Source material START

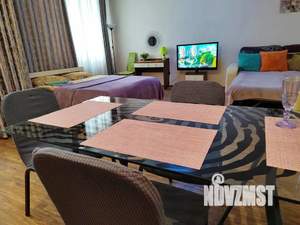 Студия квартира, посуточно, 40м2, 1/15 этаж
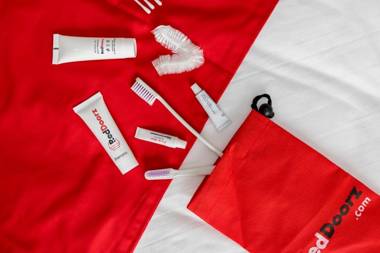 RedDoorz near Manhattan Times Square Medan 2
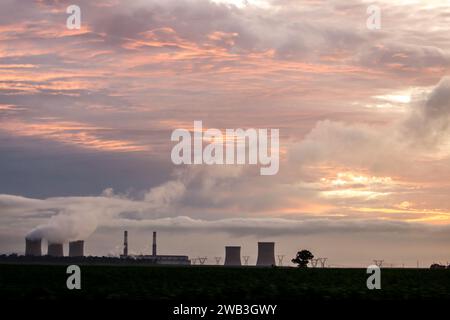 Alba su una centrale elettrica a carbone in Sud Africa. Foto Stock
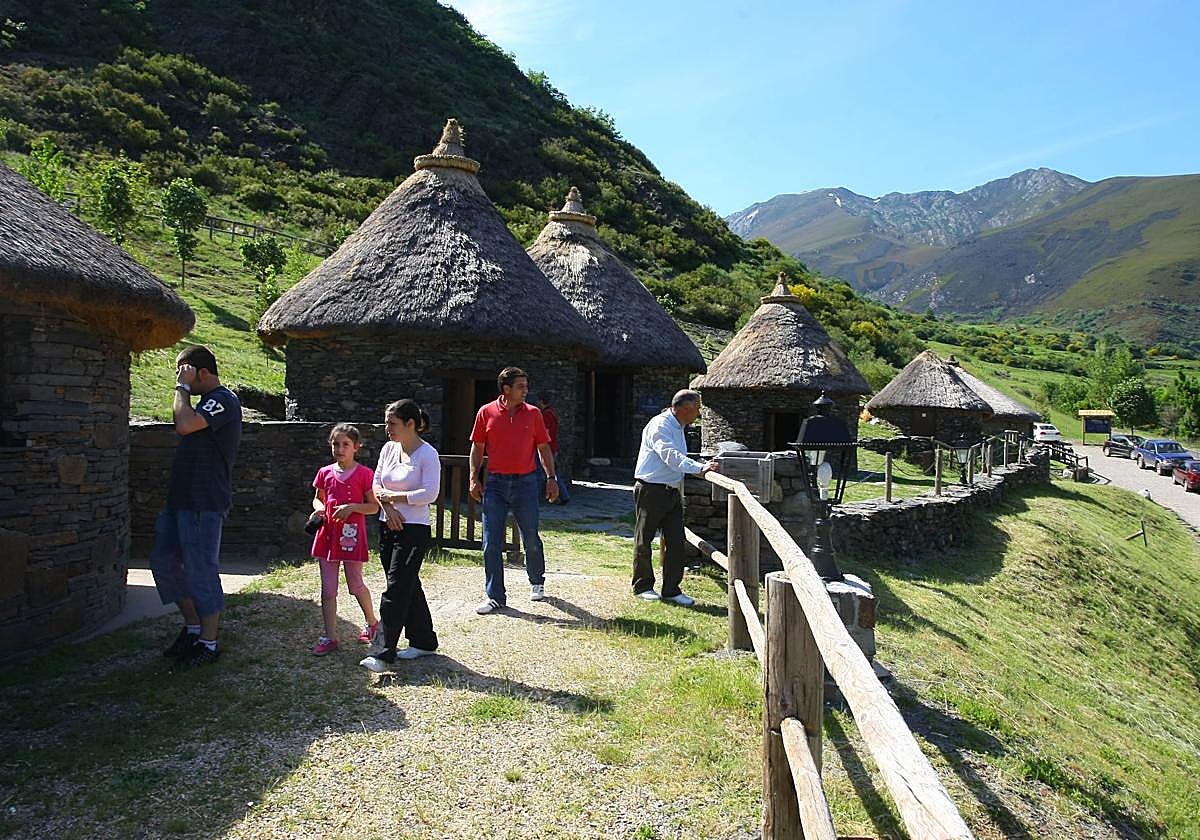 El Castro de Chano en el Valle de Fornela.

Source material END

The whole listing should be restated word for word, with no pictures.

 Студия квартира, посуточно, 40м2, 1/15 этаж
 RedDoorz near Manhattan Times Square Medan 2
 Alba su una centrale elettrica a carbone in Sud Africa. Foto Stock
 El Castro de Chano en el Valle de Fornela.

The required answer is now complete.